On this night, after getting the exact same tires put on for nearly $230 less, Steven was angry at the original tire company that he believed had taken advantage of me. Extending the conversation, he was equally impatient that the roofers had not taken better care to clean up the nails and debris from their installation at Perry Road. Yet another item seemed to irritate him that wasn’t done more carefully at Perry Road, too, and he expressed a frustration that some people may have taken advantage of my more vulnerable position.
…Keith had been my protector, running interference and taking care of those things to his satisfaction while allowing me to focus on other things that helped make our lives run smoothly…
But the reality was that back then… during those six months after Keith’s passing, I did not have the strength to push for details.
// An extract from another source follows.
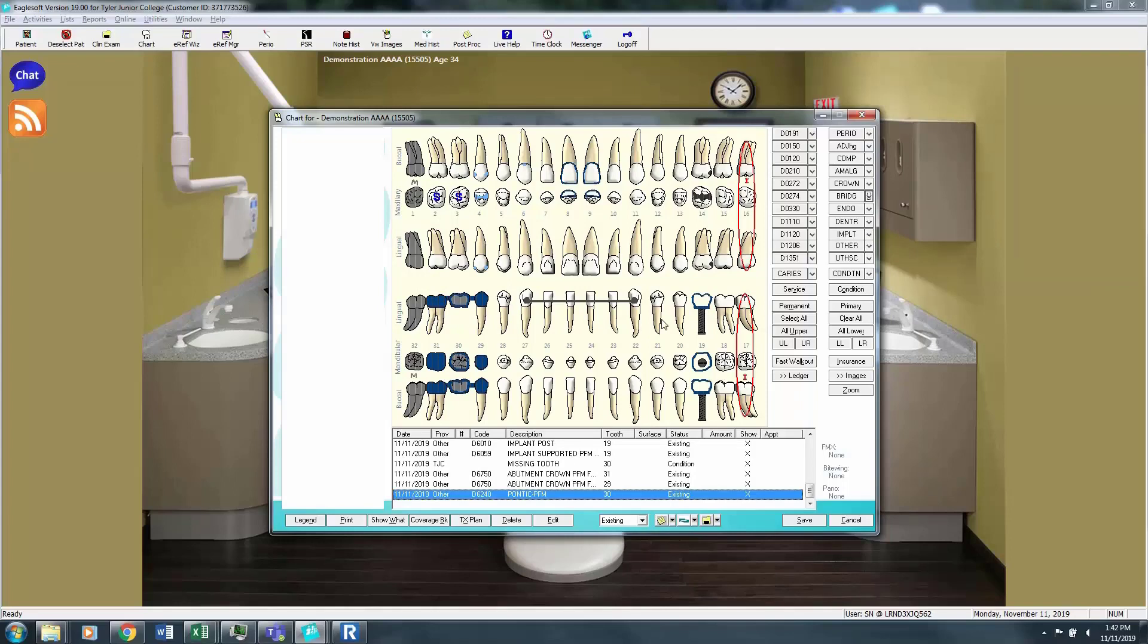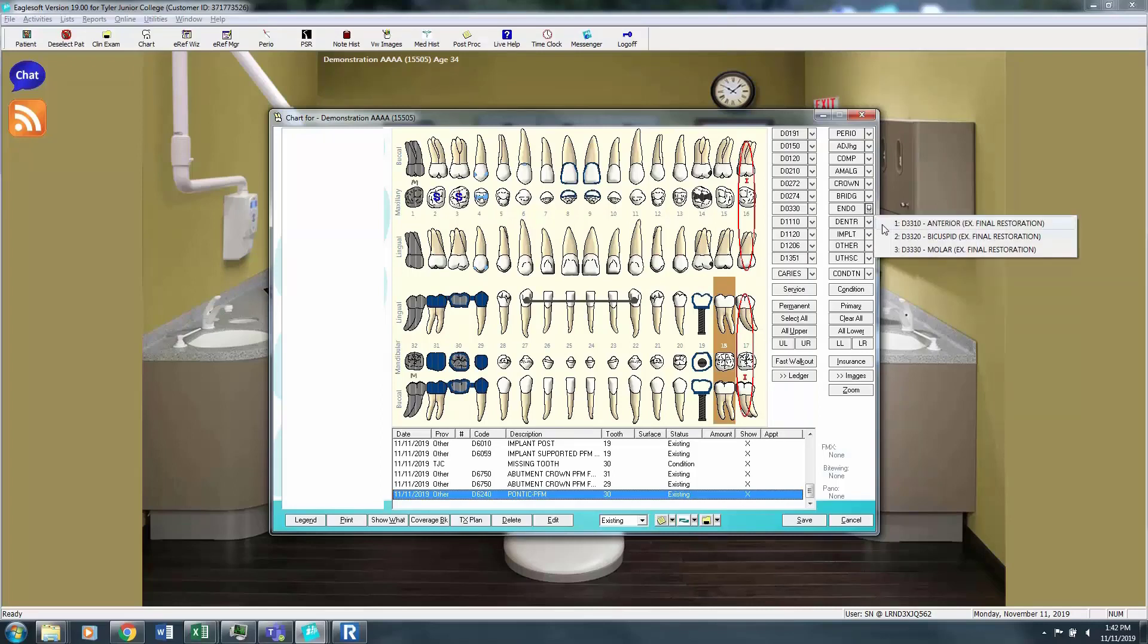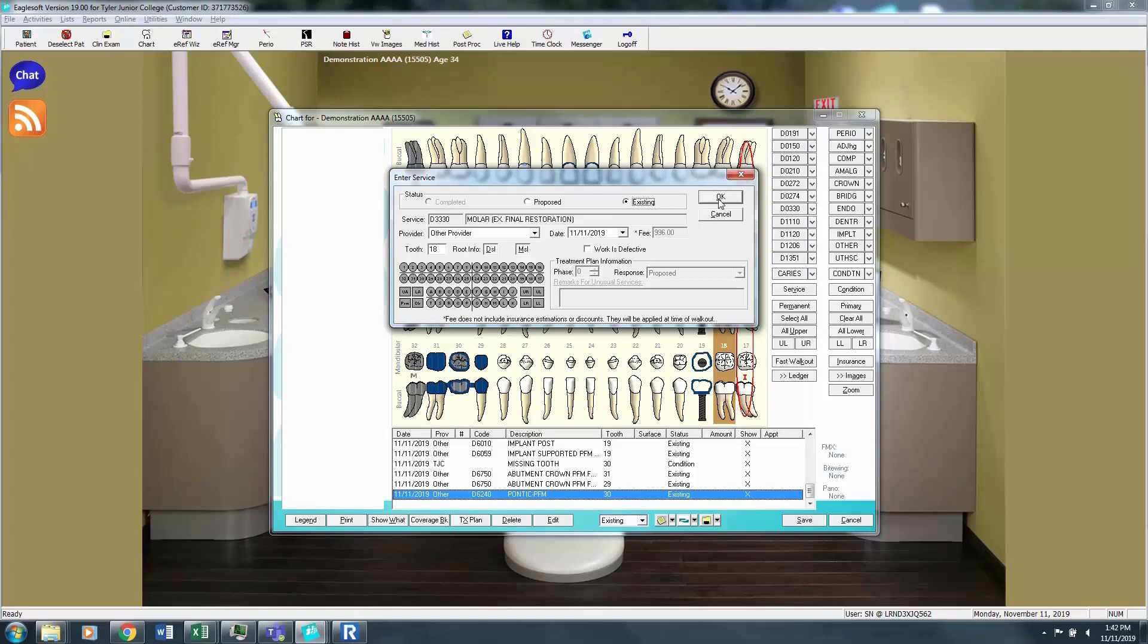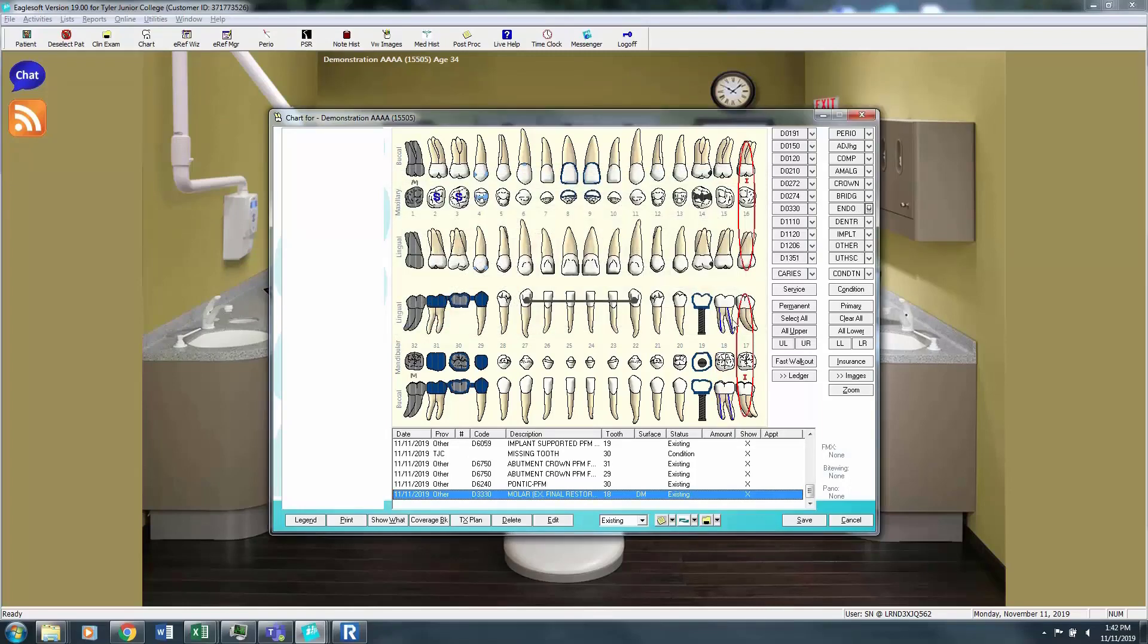To do a root canal, we'll click back over here on number 18. We're going to click endo. And here you get to choose is this an anterior tooth, a bicuspid, or a molar. You can also choose which root. So if a root canal has failed, this is where selecting the correct root would become important. So we're going to say this patient has an existing root canal and a full gold crown.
I just wanted things done. And if it caused too much of a drain on my energy to try and resolve an issue, I backed off. I had learned that life was, indeed, too short to waste one’s energy on arguing. And the reality was also that, as a woman, I was indeed taken advantage of by certain vendors, especially the tire company. It’s a common theme experienced by many women.
Even more than that, though, was the fact that Keith had been my protector, running interference and taking care of those things to his satisfaction while allowing me to focus on other things that helped make our lives run smoothly, things that I was more expert in. He would take care of the car and tires. He would have made sure that the roof, or the drain tile, or the clean-up was done satisfactorily. Steven, though well intentioned in expressing his dissatisfaction over these issues, feeling they were an affront to my wellbeing, had succeeded in reminding me how vulnerable I had been without Keith.
It reminded me how much Keith had protected and cared for me in these situations… and, yes, how Keith had protected me from at least one unscrupulous “friend.” Steve’s frustration reminded me how far away from Keith that time’s winding road had carried me, only to flip around and hit a moment of painful memories… And then the dam finally broke on the wall of tears that I’d held back for the previous week. A gentle embrace held me while I sobbed until I had no more tears left. And then life went onward and the grief receded to the deep crevasses again.
Life is good. Life is blessed. Next month I should be defending my dissertation, another milestone on the winding road of this ethereal journey of dreams.

Above: My brother is met by a White Heron who hung around on the beach near Sarasota, Florida during our visit in May 2014. I have often thought that the Heron, whether White or Blue, was Keith’s animus.